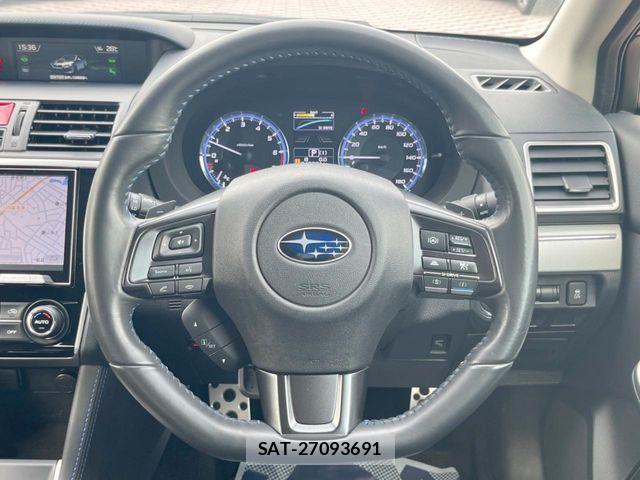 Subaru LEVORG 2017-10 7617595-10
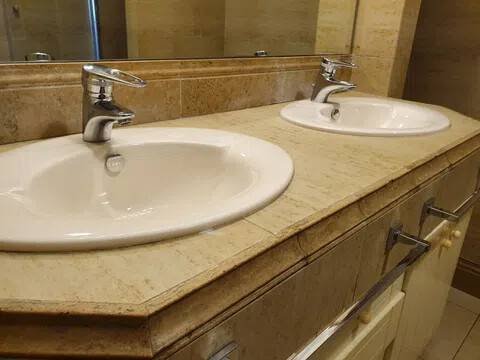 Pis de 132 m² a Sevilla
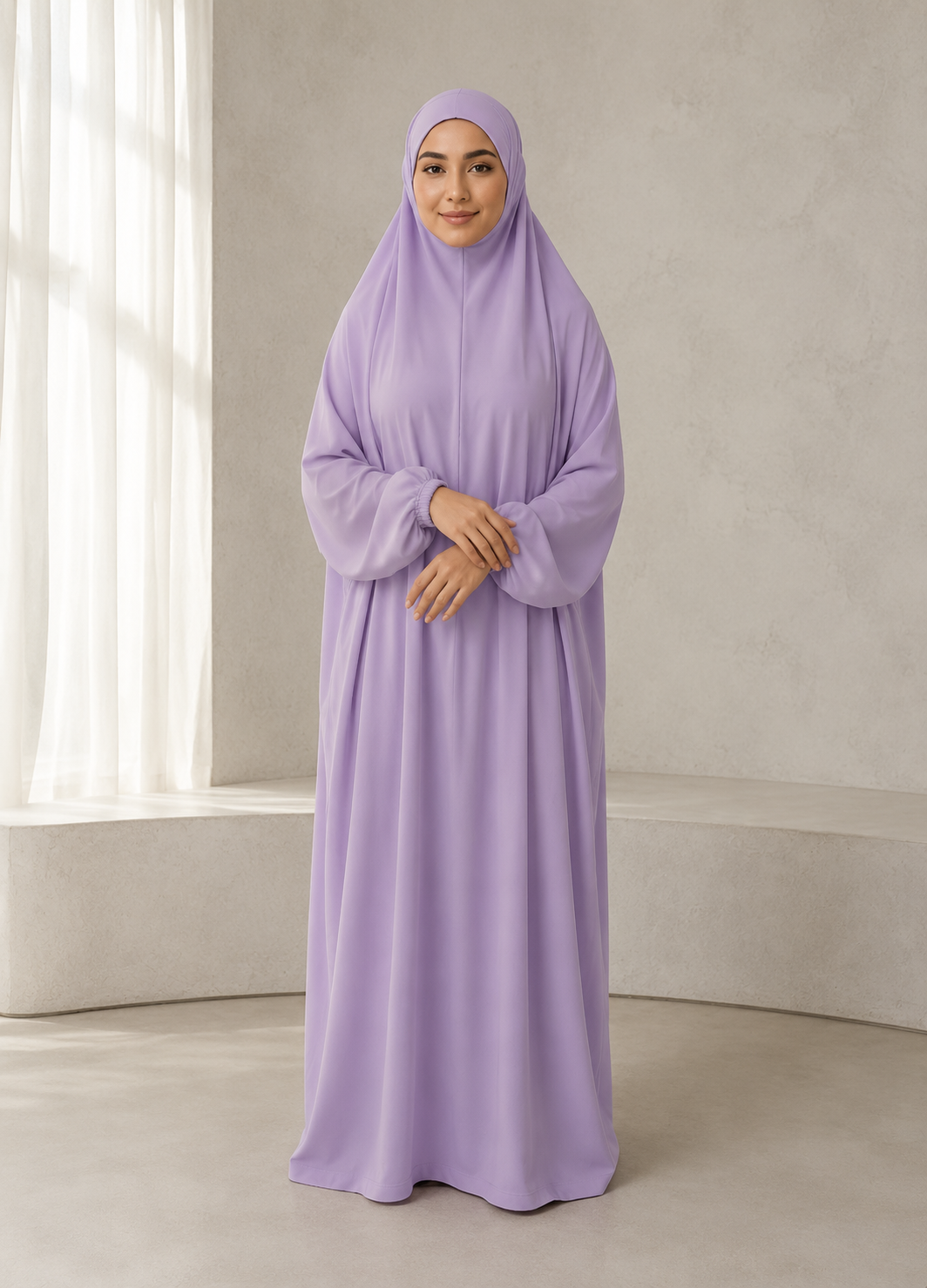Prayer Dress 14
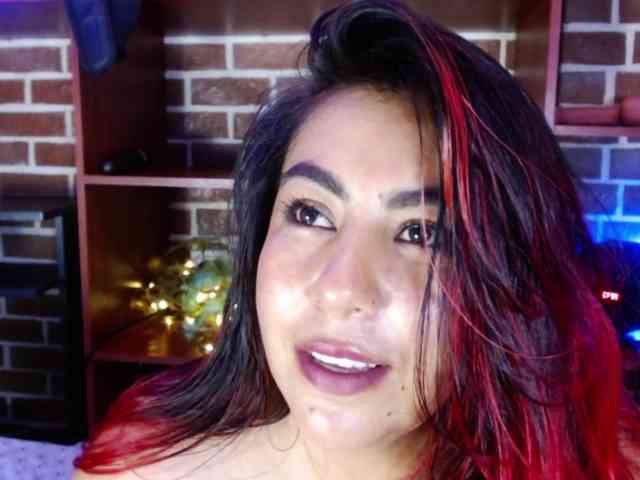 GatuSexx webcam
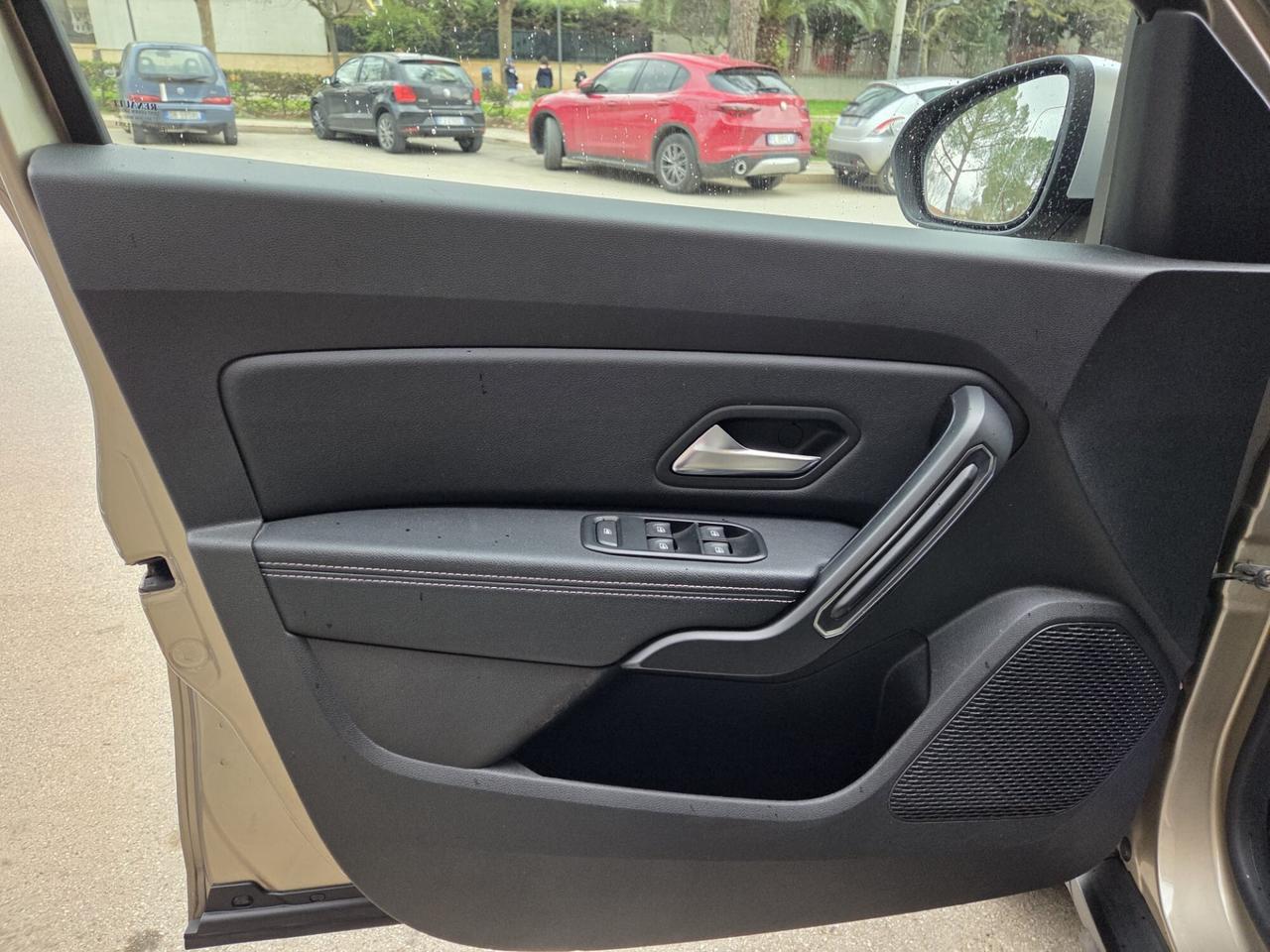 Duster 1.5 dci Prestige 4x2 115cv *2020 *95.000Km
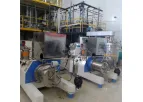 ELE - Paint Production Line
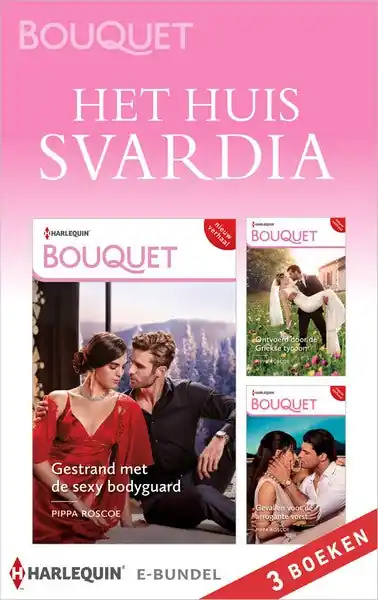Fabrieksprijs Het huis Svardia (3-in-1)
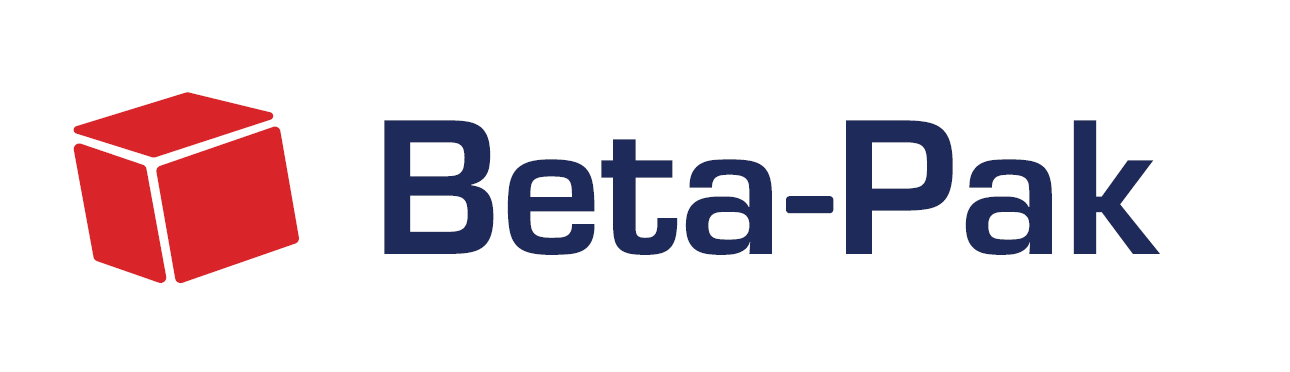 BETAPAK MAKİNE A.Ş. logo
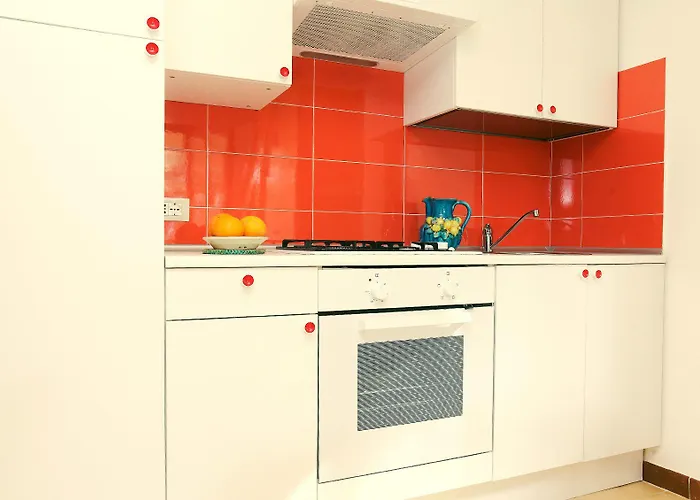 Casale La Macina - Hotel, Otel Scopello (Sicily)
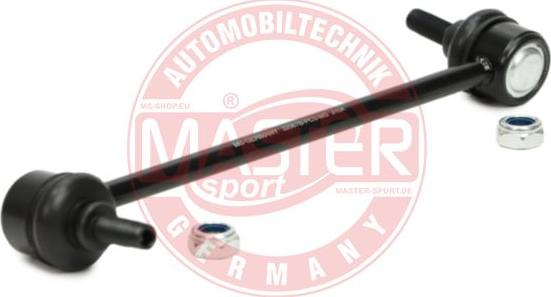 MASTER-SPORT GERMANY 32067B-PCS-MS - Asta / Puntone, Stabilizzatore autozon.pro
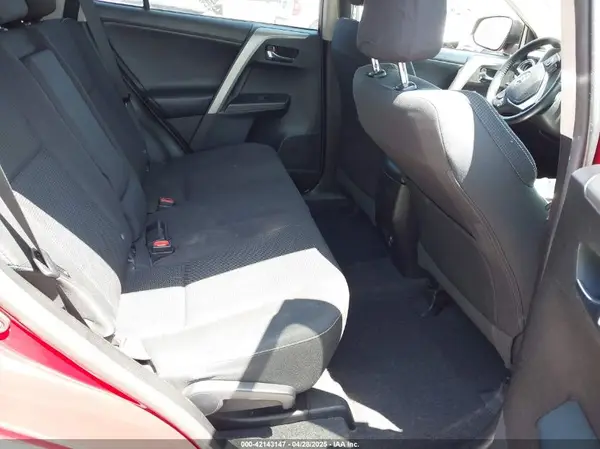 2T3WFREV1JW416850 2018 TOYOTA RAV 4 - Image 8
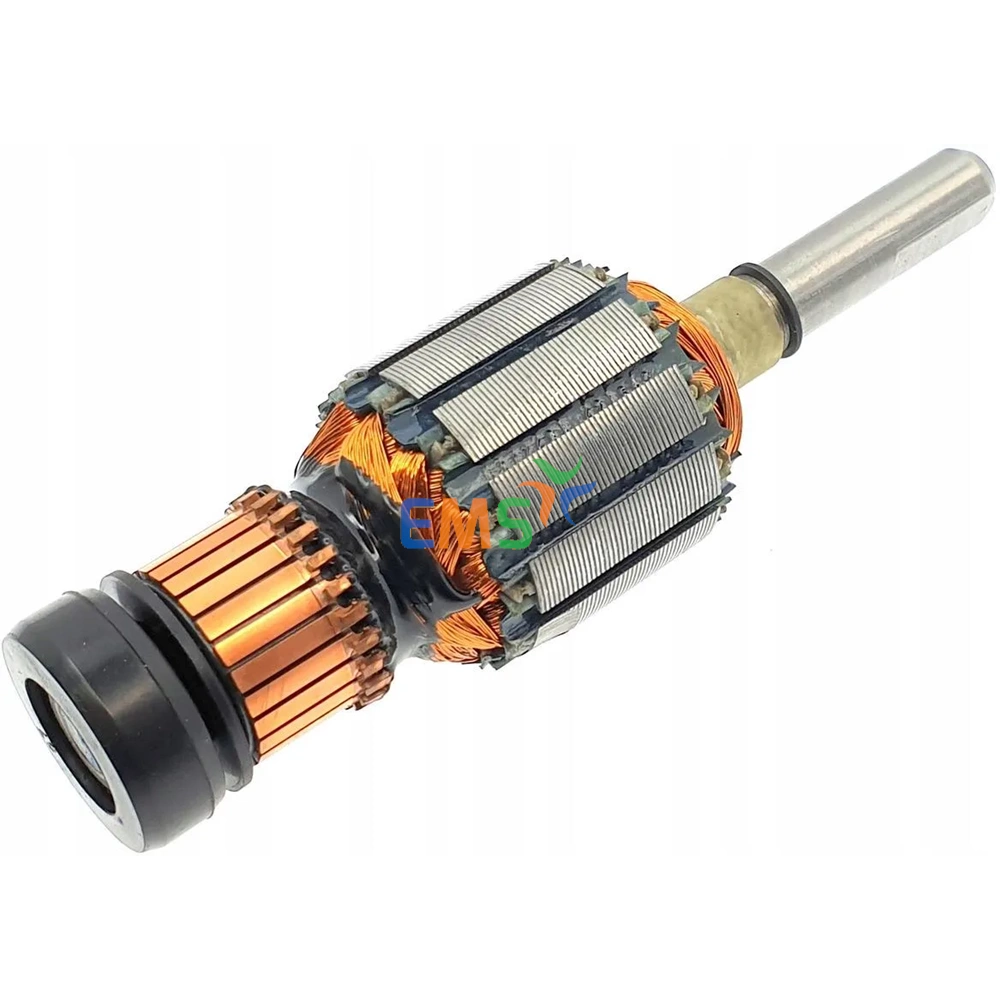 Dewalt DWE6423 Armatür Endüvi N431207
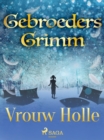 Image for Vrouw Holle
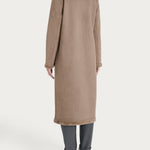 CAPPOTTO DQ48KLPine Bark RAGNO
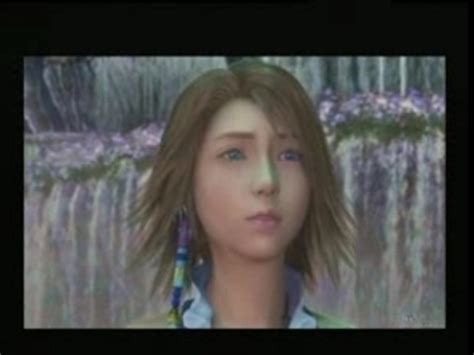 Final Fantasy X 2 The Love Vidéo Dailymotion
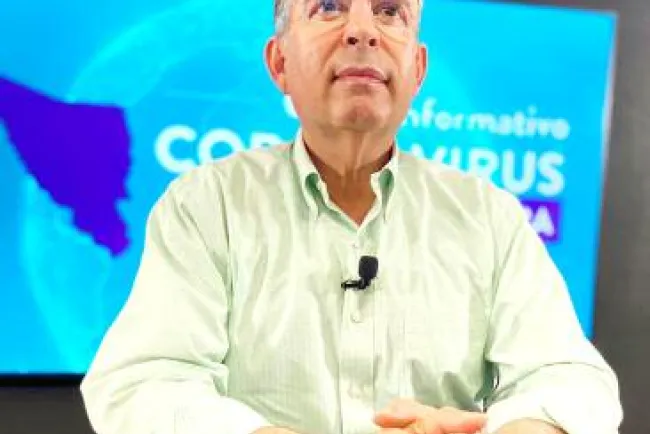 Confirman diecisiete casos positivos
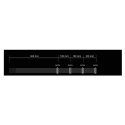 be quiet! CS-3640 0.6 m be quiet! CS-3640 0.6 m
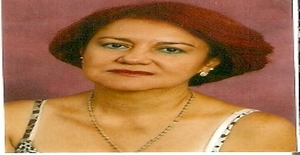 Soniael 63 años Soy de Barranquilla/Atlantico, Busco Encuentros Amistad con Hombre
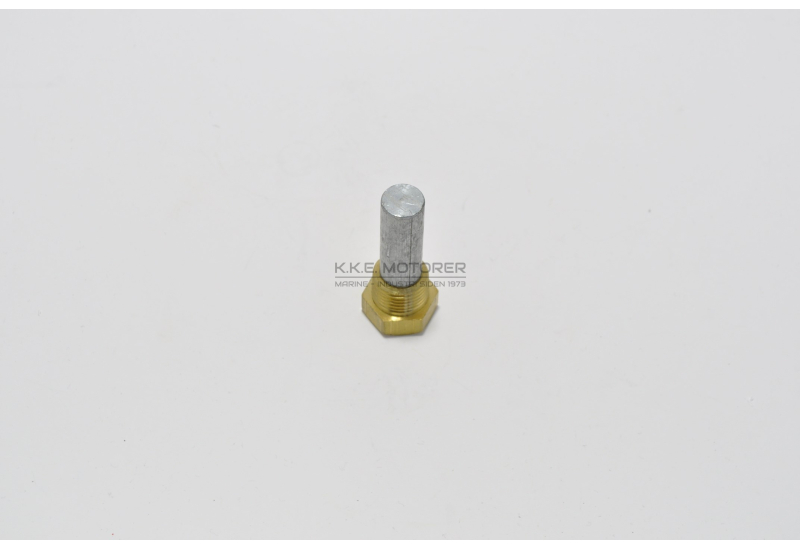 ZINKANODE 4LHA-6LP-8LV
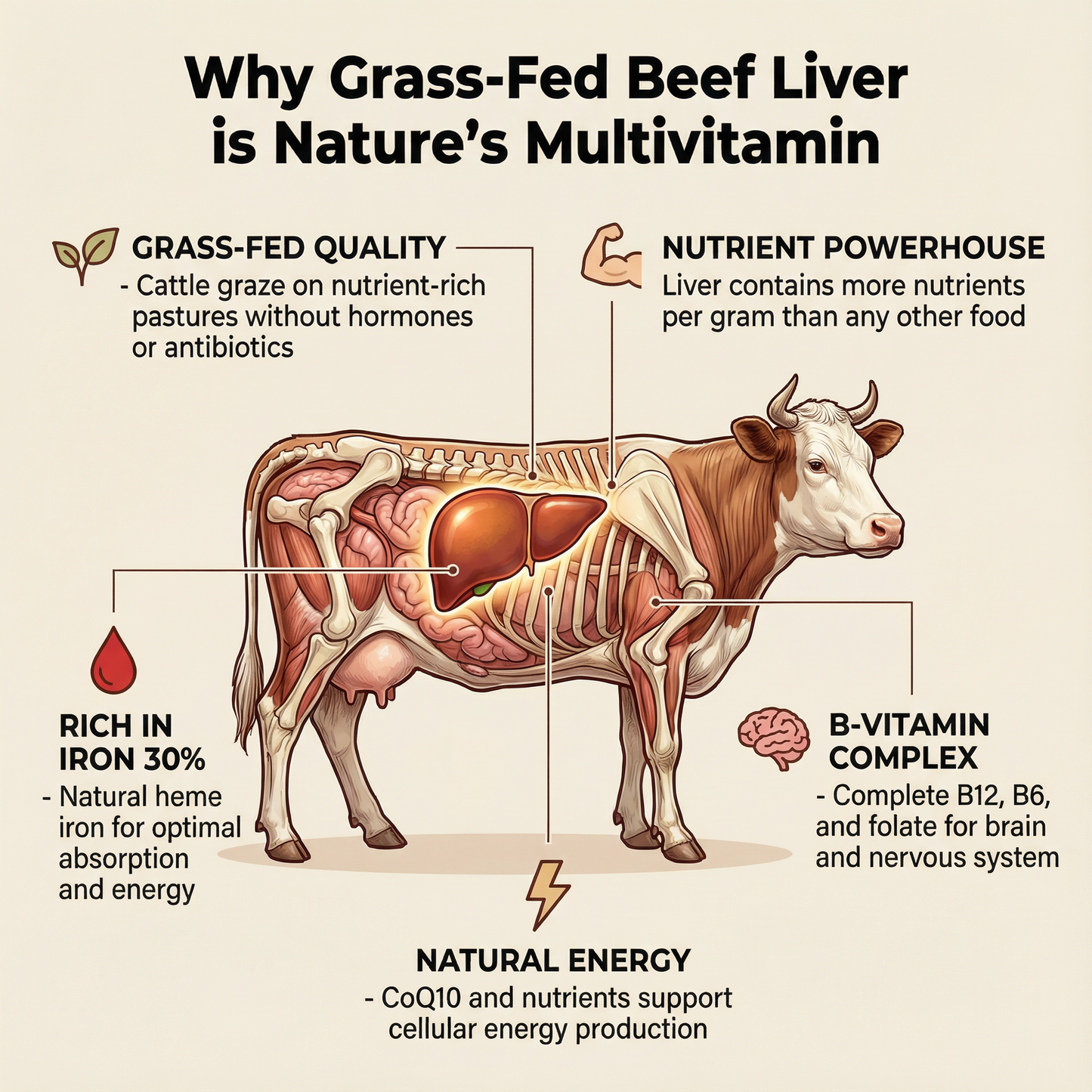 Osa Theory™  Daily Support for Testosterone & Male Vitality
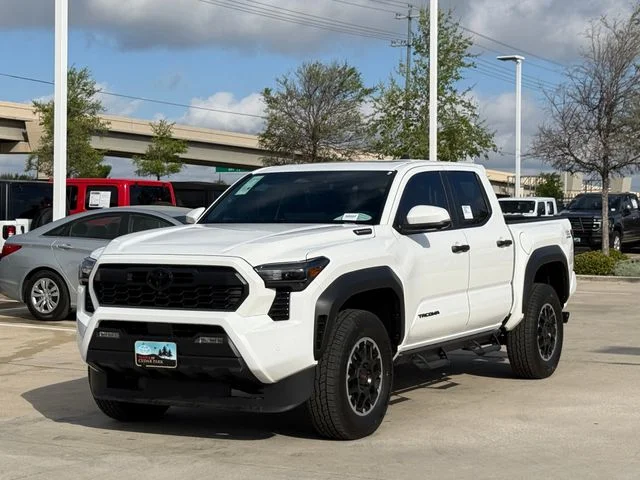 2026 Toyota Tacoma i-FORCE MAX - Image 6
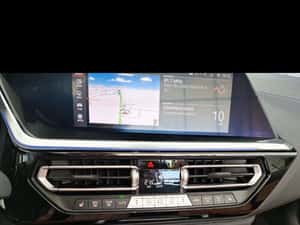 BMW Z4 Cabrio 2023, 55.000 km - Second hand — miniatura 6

━━━━

[Work item] Exact repetition required: repeat the first line of the listing above, the line containing "ZINKANODE 4LHA-6LP-8LV", and every line between, leaving out pictures.

[Response below]
 Subaru LEVORG 2017-10 7617595-10
 Pis de 132 m² a Sevilla
Prayer Dress 14
 GatuSexx webcam
 Duster 1.5 dci Prestige 4x2 115cv *2020 *95.000Km
 ELE - Paint Production Line
Fabrieksprijs Het huis Svardia (3-in-1)
 BETAPAK MAKİNE A.Ş. logo
 Casale La Macina - Hotel, Otel Scopello (Sicily)
 MASTER-SPORT GERMANY 32067B-PCS-MS - Asta / Puntone, Stabilizzatore autozon.pro
 2T3WFREV1JW416850 2018 TOYOTA RAV 4 - Image 8
 Dewalt DWE6423 Armatür Endüvi N431207
 Image for Vrouw Holle
 CAPPOTTO DQ48KLPine Bark RAGNO
 Final Fantasy X 2 The Love Vidéo Dailymotion
 Confirman diecisiete casos positivos
 be quiet! CS-3640 0.6 m be quiet! CS-3640 0.6 m
 Soniael 63 años Soy de Barranquilla/Atlantico, Busco Encuentros Amistad con Hombre
 ZINKANODE 4LHA-6LP-8LV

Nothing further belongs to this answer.